● The data:
◆ ◆ ◆ ◆ ◆

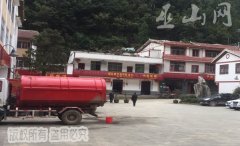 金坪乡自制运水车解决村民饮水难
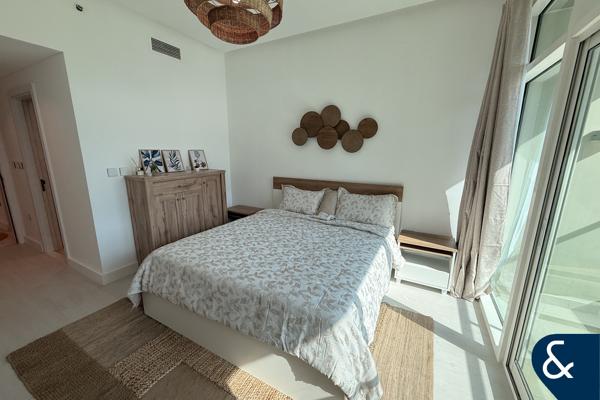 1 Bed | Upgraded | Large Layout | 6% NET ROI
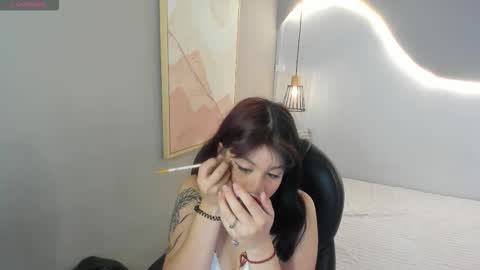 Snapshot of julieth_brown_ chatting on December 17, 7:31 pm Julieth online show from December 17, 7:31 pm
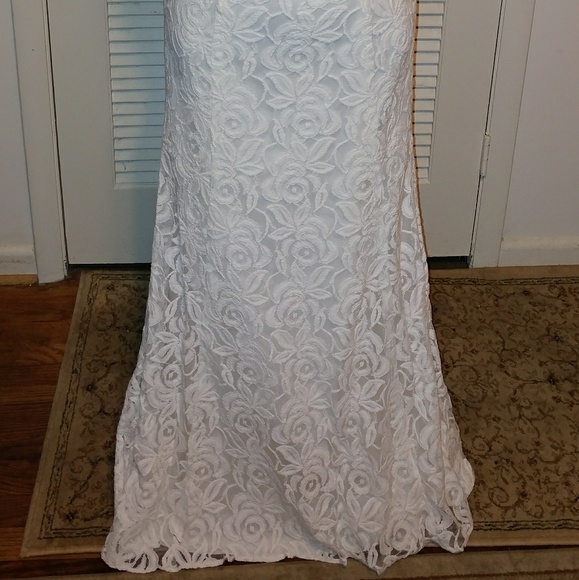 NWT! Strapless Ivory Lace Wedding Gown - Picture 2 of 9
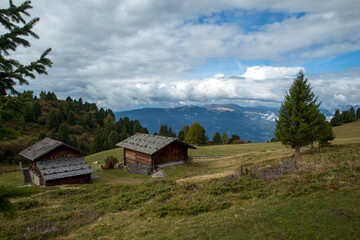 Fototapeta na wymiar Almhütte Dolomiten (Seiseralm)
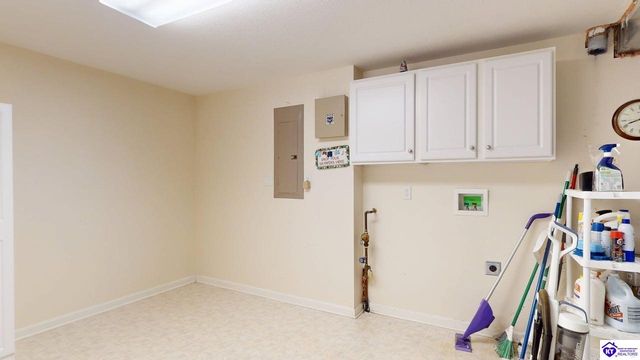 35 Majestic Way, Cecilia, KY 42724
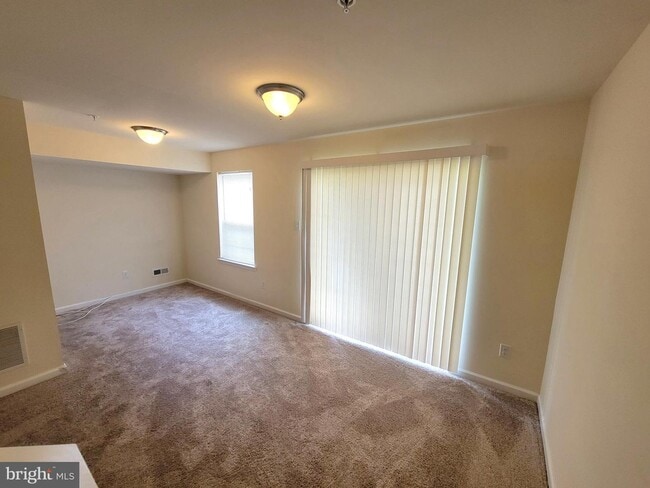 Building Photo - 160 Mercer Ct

◆ ◆ ◆ ◆ ◆

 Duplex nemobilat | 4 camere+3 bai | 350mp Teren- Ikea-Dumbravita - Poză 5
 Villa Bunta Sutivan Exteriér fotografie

◆ ◆ ◆ ◆ ◆

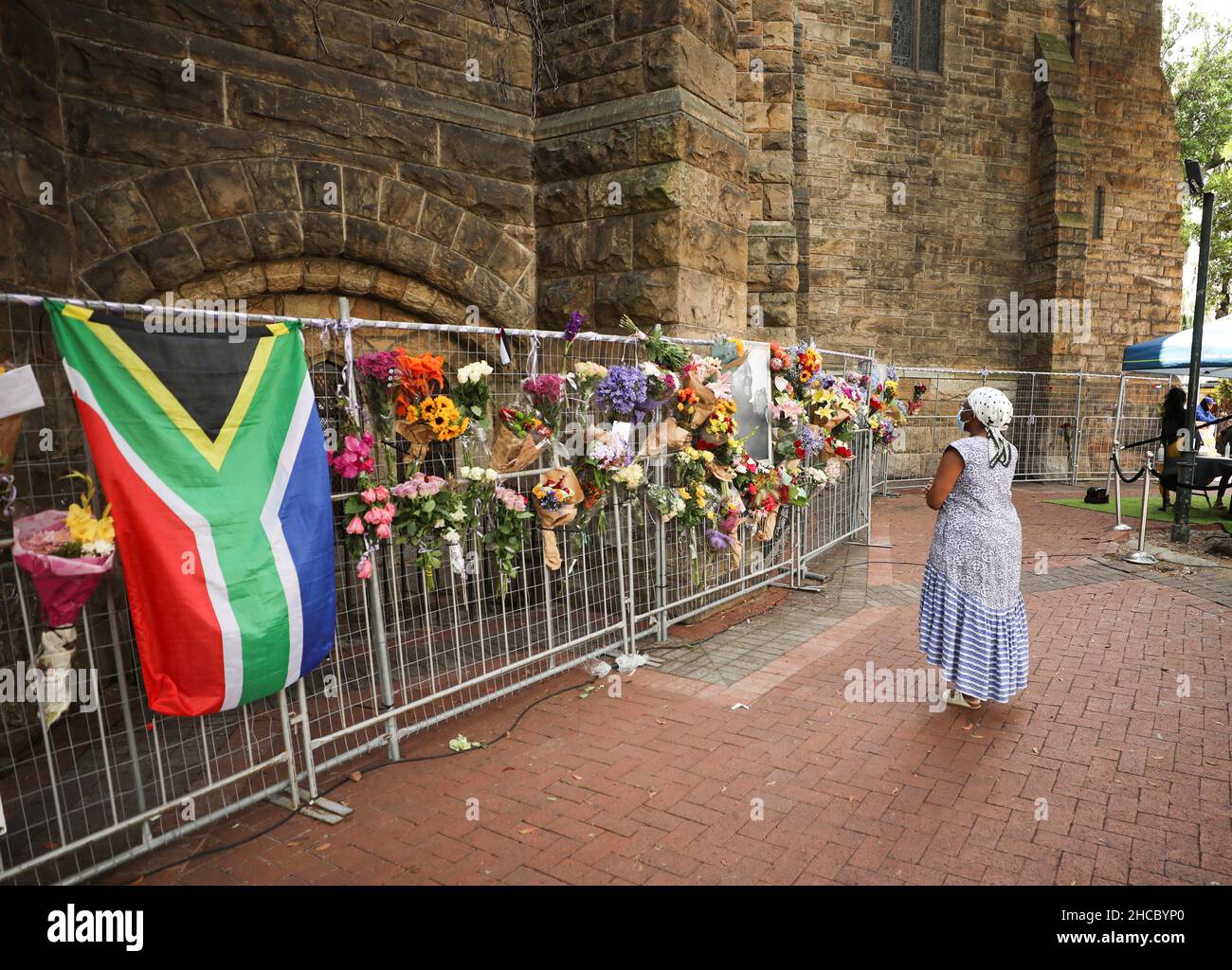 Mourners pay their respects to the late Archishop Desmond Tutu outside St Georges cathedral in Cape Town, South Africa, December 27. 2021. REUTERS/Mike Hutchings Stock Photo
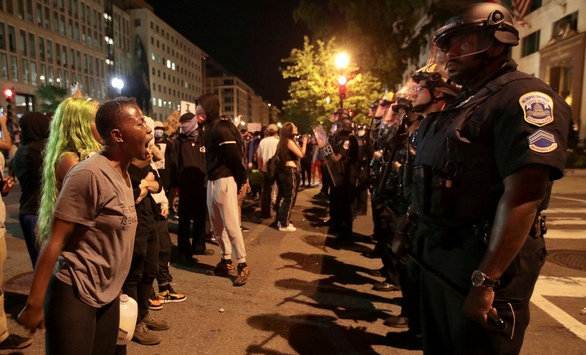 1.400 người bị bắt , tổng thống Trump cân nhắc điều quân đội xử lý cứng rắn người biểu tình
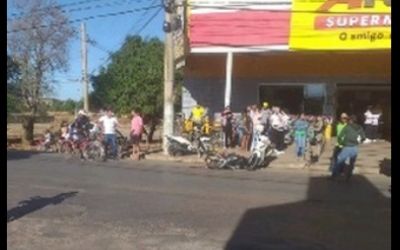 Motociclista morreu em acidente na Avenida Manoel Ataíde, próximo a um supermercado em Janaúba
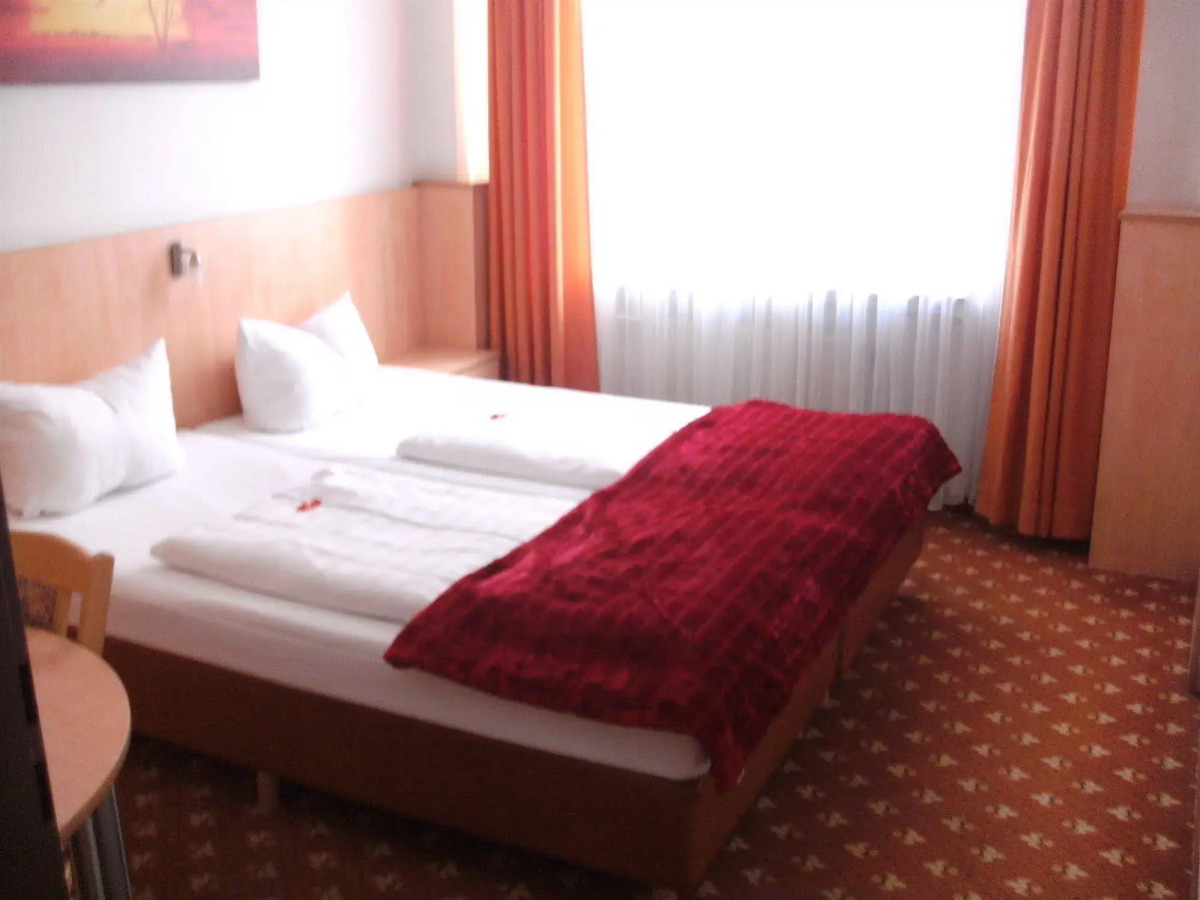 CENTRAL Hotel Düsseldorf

◆ ◆ ◆ ◆ ◆

● What the exercise asks: Reproduce the listing above only between the lines holding "35 Majestic Way, Cecilia, KY 42724" and "Building Photo - 160 Mercer Ct", inclusive. Every line must match exactly, and pictures are dropped.

● Response to this exercise:
 35 Majestic Way, Cecilia, KY 42724
 Building Photo - 160 Mercer Ct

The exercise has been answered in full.